> [TASK PROMPT]
Everything from the first line of the records below through the line containing "Giacca donna doppiopetto" is to be retyped exactly; leave out the rest.

> [DATA PROVIDED]
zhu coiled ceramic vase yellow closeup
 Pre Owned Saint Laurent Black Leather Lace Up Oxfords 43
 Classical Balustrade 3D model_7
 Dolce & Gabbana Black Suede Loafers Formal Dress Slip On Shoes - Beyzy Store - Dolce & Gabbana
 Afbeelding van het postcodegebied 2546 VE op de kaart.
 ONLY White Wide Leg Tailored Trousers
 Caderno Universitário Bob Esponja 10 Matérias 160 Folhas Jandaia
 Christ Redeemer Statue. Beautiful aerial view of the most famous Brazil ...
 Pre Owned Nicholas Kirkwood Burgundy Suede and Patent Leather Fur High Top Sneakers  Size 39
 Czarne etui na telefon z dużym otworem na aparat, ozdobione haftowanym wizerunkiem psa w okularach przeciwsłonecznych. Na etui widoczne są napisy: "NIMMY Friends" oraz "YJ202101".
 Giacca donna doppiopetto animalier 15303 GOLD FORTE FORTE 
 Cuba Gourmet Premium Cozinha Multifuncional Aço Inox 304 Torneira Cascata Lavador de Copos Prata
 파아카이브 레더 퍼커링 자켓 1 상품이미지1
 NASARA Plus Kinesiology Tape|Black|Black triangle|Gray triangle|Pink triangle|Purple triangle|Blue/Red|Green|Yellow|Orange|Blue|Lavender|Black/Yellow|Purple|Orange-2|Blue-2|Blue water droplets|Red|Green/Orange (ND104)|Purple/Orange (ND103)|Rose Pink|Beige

> [RESULT]
zhu coiled ceramic vase yellow closeup
 Pre Owned Saint Laurent Black Leather Lace Up Oxfords 43
 Classical Balustrade 3D model_7
 Dolce & Gabbana Black Suede Loafers Formal Dress Slip On Shoes - Beyzy Store - Dolce & Gabbana
 Afbeelding van het postcodegebied 2546 VE op de kaart.
 ONLY White Wide Leg Tailored Trousers
 Caderno Universitário Bob Esponja 10 Matérias 160 Folhas Jandaia
 Christ Redeemer Statue. Beautiful aerial view of the most famous Brazil ...
 Pre Owned Nicholas Kirkwood Burgundy Suede and Patent Leather Fur High Top Sneakers  Size 39
 Czarne etui na telefon z dużym otworem na aparat, ozdobione haftowanym wizerunkiem psa w okularach przeciwsłonecznych. Na etui widoczne są napisy: "NIMMY Friends" oraz "YJ202101".
 Giacca donna doppiopetto animalier 15303 GOLD FORTE FORTE 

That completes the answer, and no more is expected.